Nuclear Physics Project List
1. Coulomb energy shifts in muonic atoms:
Calculate the muonic atom energy levels exactly assuming a fermi distribution for the nuclear
charge density. Fit the nuclear geometry parameters (half­density radius and surface diffusivity) to the
experimental muonic energies.
2. Electron­nucleus scattering: Calculate the ground state charge density of a nucleus by calculating the ground state wave
functions in some model and summing to get the total. Then use that charge density to get the coulomb
scattering form factor (fourier transform of the density).
3. Nuclear mass calculations:
Calculate the ground state energies of the orbitals of the nucleons which make up some nucleus.
Calculate the total energy based on these energies. Perform the calculations for three nuclei (He, C, and O)
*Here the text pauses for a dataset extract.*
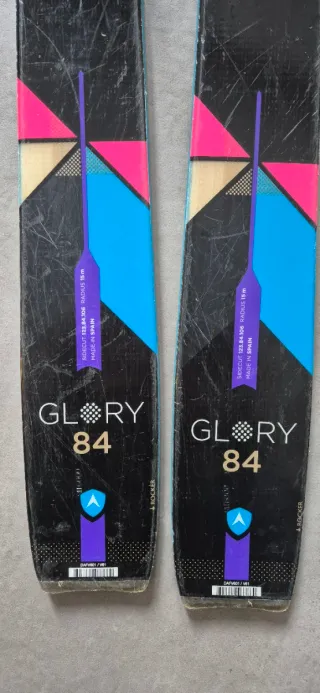 Esquís Dynastar Glory 84 170cm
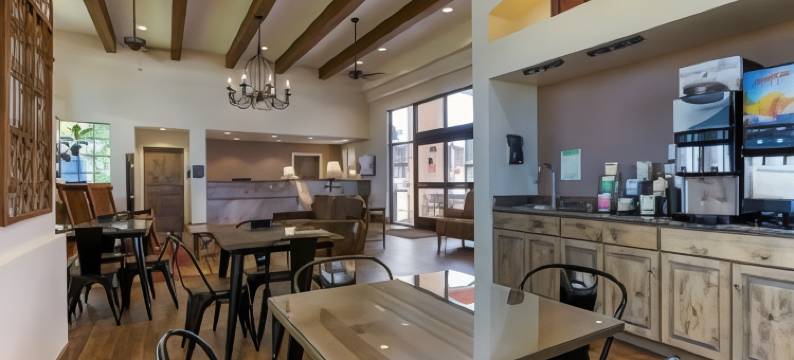 马驹彩屋贝斯特韦斯特酒店(Best Western Paint Pony Lodge)图片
and compare with experiment.
4. Electromagnetic transition rates (lifetimes):
Calculate the wave functions and energy levels for several dipole transitions in some nucleus then
use these wave functions to calculate the lifetime of the states.
5. Dirac model of nuclear structure:
Learn about the sigma­omega (Dirac) model of nuclear forces. Reduce the dirac potentials to
Schroedinger form and use it to calculate the ground state properties of some nucleus.
6. Perturbation calculations:
Calculate the energies and wave functions of some nucleus then use these wavefunctions to
calculate corrections to the energies due to some perturbation, e.g. the relativistic correction to the kinetic
energy, or adding one particle outside a closed shell.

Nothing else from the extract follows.